◆ Your goal ◆
Return, with both end lines included, exactly what the data below holds from the line with "Apartamento Haus Gorch Fock Moby Dick" through the line with "AUGUSTINE Shift Knob", though not the pictures.

◆ Given entries ◆
Start of Block
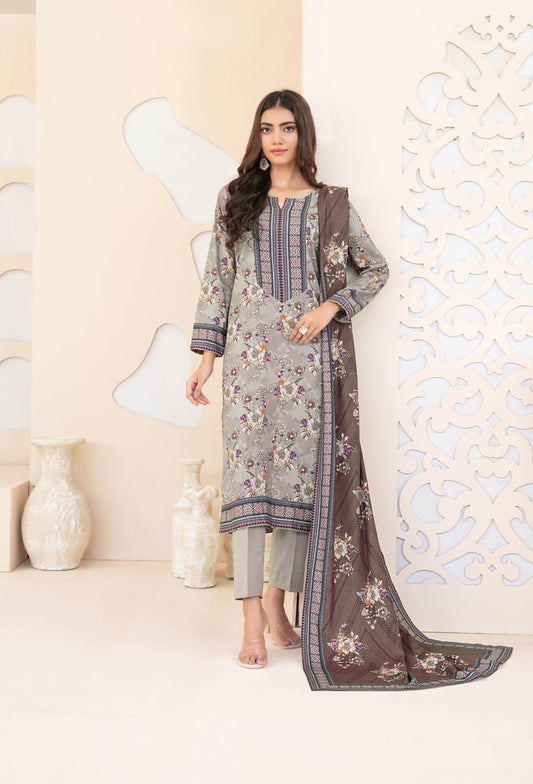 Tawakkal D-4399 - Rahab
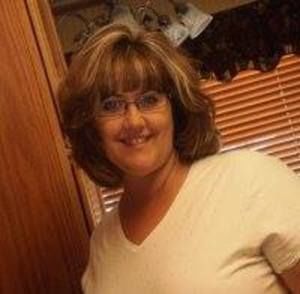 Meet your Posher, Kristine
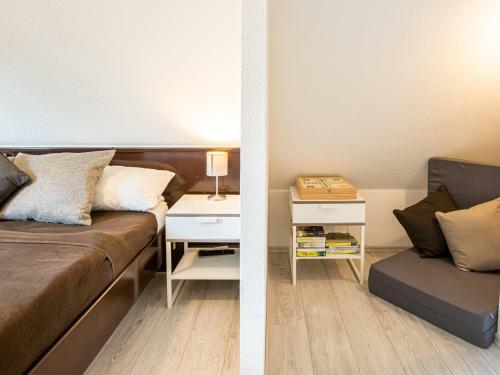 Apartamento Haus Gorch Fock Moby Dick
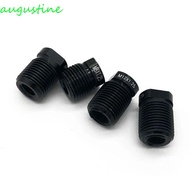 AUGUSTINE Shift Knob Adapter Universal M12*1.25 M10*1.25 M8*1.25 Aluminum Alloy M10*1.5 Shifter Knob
End of Block
Start of Block
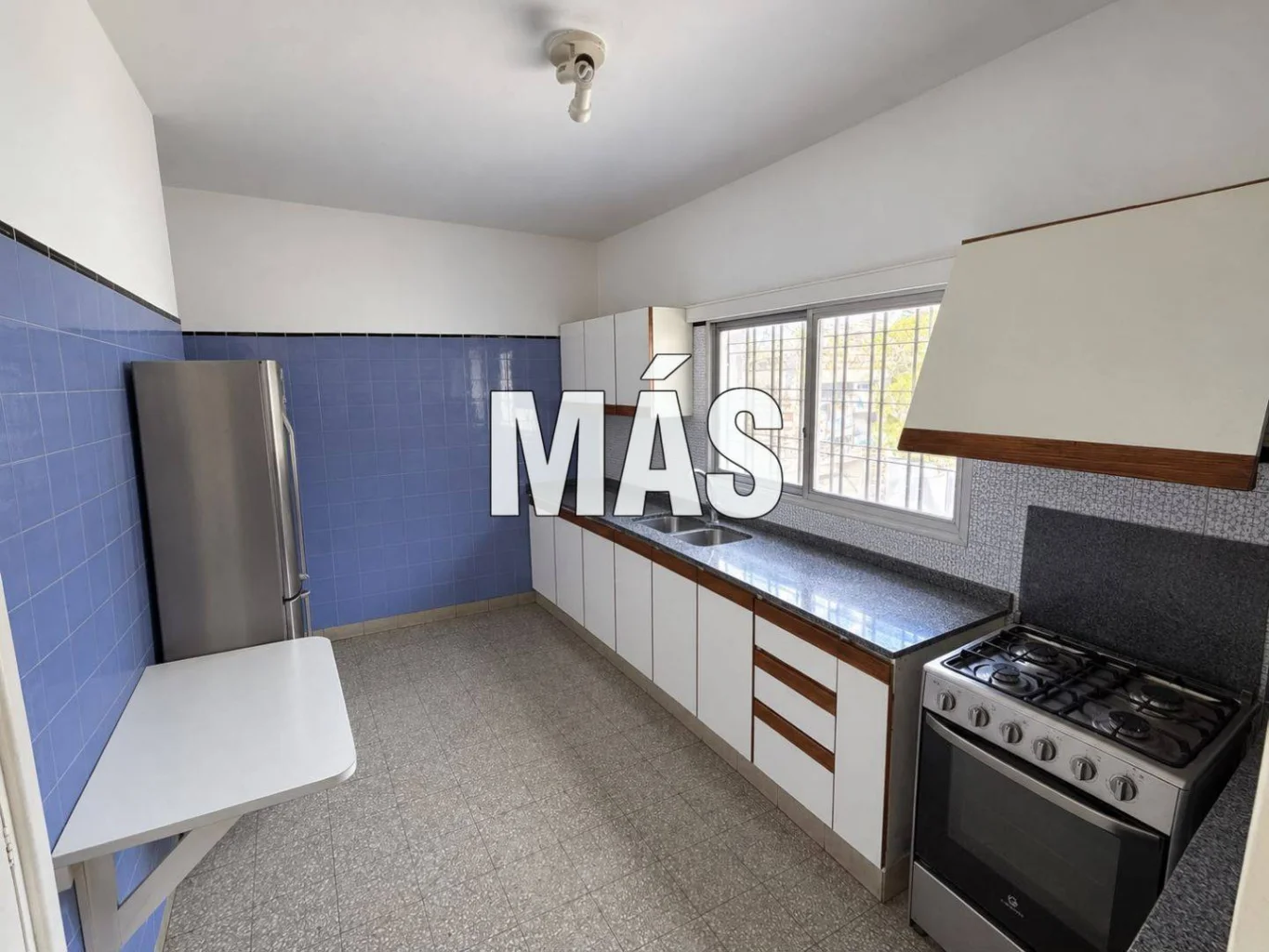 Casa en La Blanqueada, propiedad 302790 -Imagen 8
End of Block
◆ Output for this exercise ◆
 Apartamento Haus Gorch Fock Moby Dick
 AUGUSTINE Shift Knob Adapter Universal M12*1.25 M10*1.25 M8*1.25 Aluminum Alloy M10*1.5 Shifter Knob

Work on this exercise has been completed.